[Records for the task]

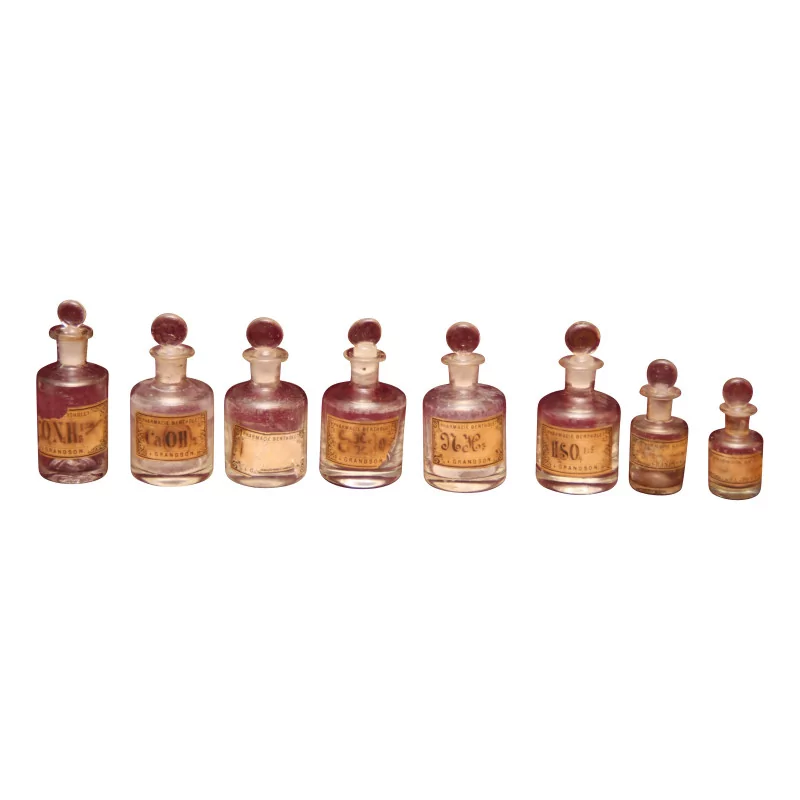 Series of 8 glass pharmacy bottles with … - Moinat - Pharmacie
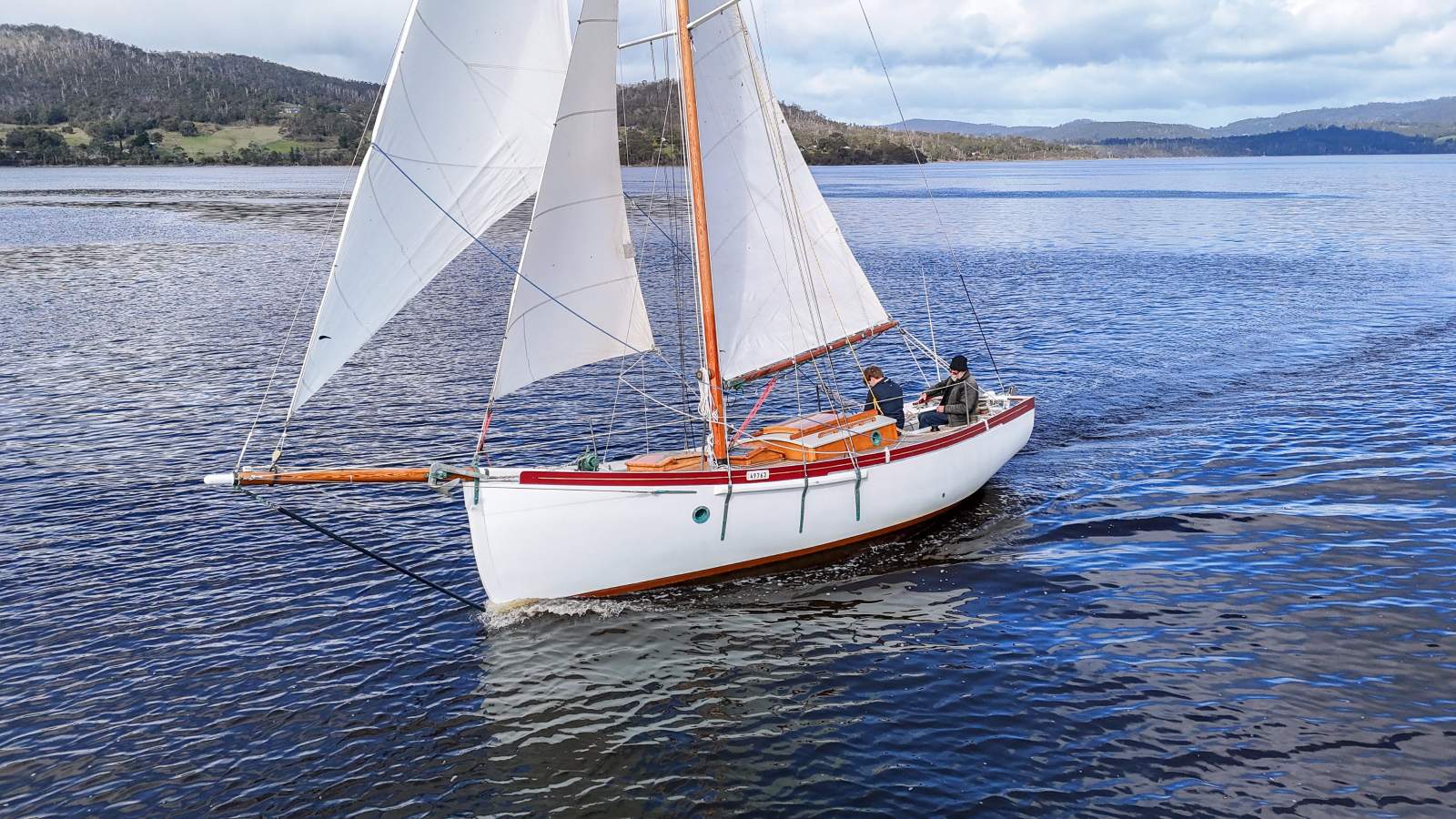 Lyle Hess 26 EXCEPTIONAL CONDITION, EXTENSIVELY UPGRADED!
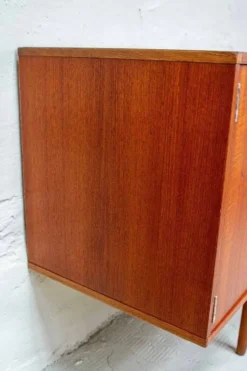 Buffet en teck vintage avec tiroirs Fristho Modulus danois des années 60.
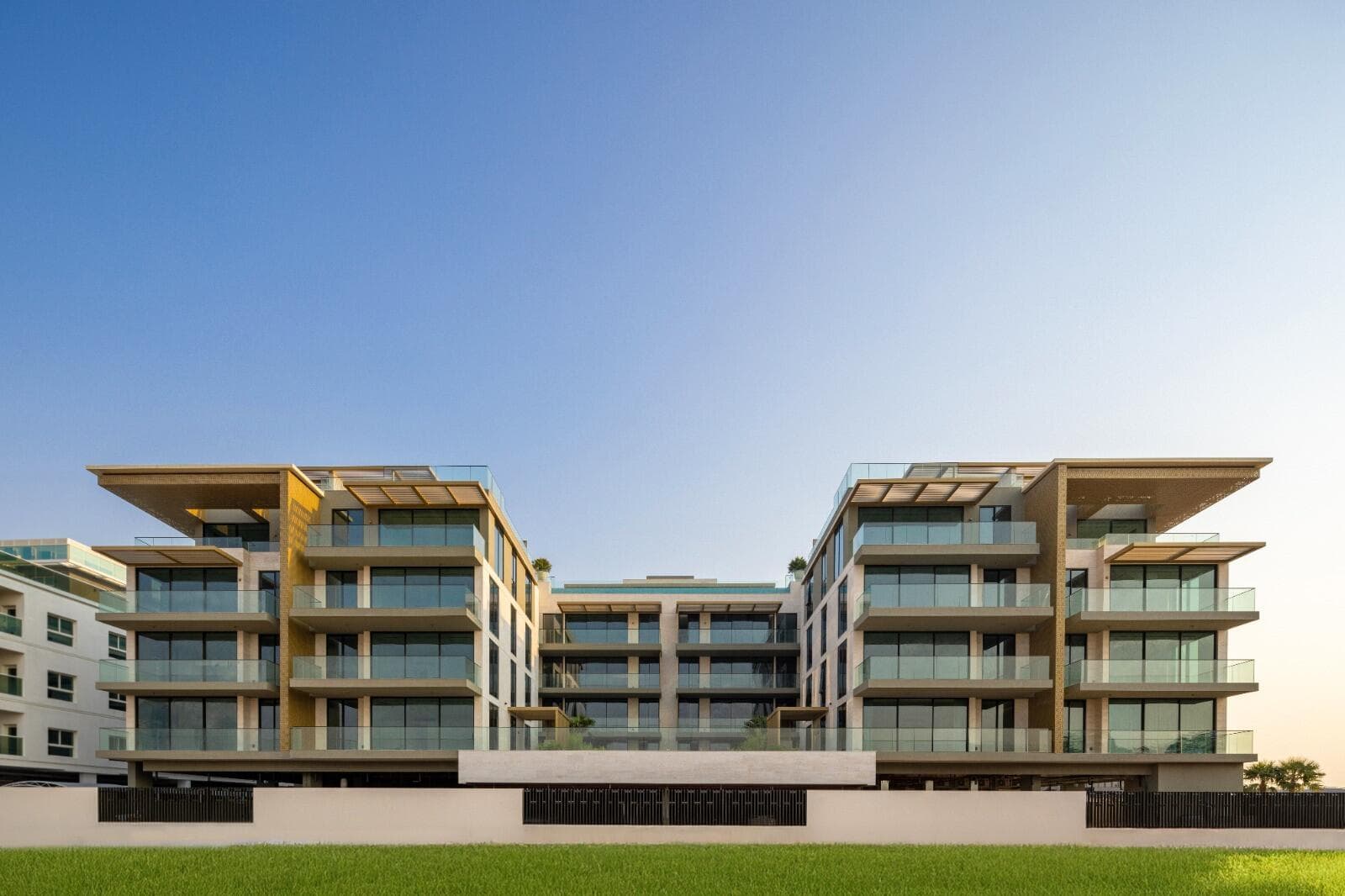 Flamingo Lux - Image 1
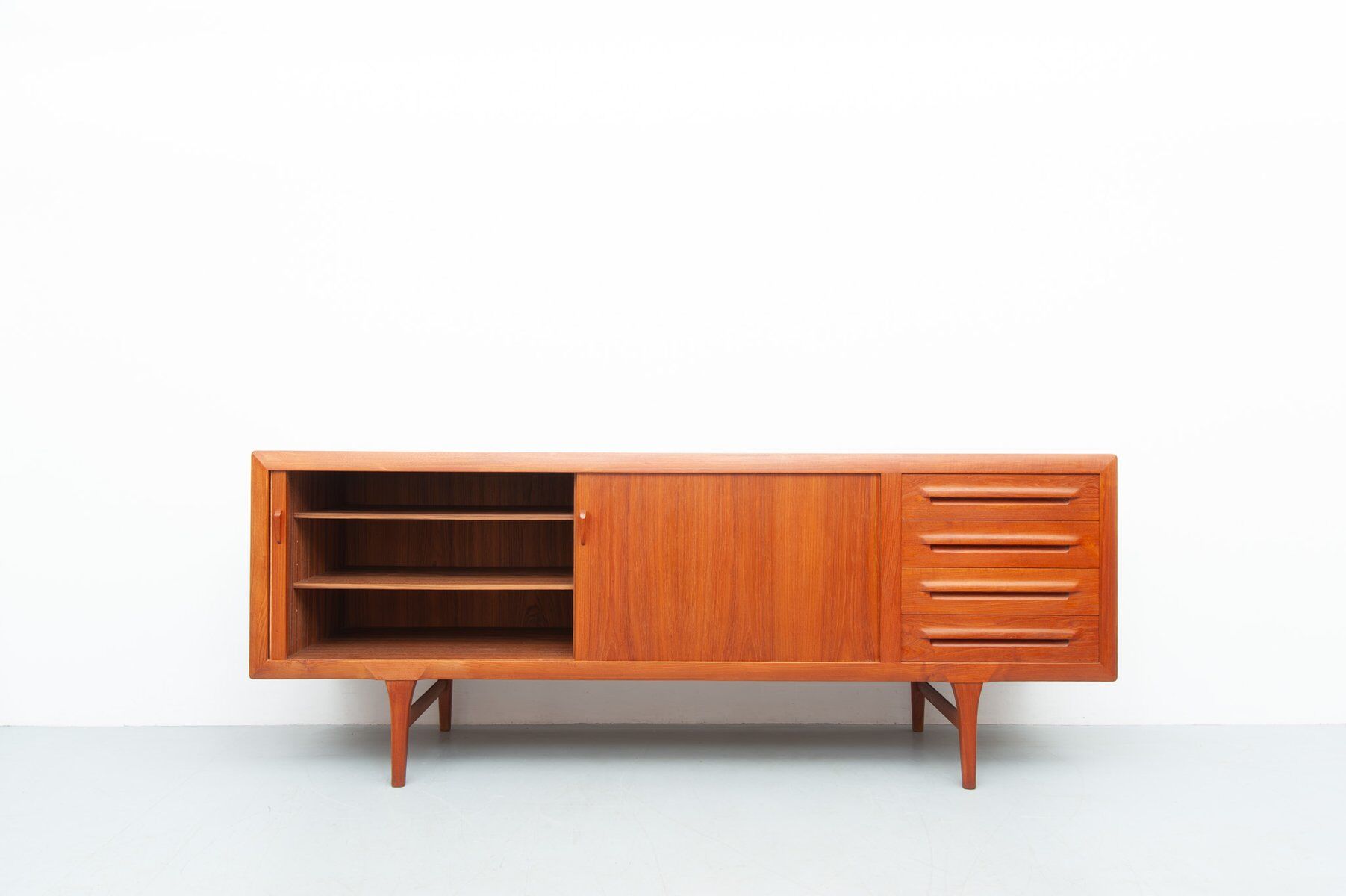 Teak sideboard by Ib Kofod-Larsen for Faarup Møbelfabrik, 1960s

[/Records for the task]

_How to complete this task_. Word-for-word output of every record is needed, with images omitted.

_Finished task_.
 Series of 8 glass pharmacy bottles with … - Moinat - Pharmacie
 Lyle Hess 26 EXCEPTIONAL CONDITION, EXTENSIVELY UPGRADED!
 Buffet en teck vintage avec tiroirs Fristho Modulus danois des années 60.
 Flamingo Lux - Image 1
 Teak sideboard by Ib Kofod-Larsen for Faarup Møbelfabrik, 1960s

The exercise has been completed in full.